__What you have to do__
Print the listing below exactly as written.

__Dataset section__

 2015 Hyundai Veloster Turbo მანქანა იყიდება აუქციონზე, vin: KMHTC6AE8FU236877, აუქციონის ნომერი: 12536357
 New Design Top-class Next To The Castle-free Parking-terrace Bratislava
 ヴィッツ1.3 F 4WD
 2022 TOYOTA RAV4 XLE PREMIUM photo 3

__Answer to this exercise__
 2015 Hyundai Veloster Turbo მანქანა იყიდება აუქციონზე, vin: KMHTC6AE8FU236877, აუქციონის ნომერი: 12536357
 New Design Top-class Next To The Castle-free Parking-terrace Bratislava
 ヴィッツ1.3 F 4WD
 2022 TOYOTA RAV4 XLE PREMIUM photo 3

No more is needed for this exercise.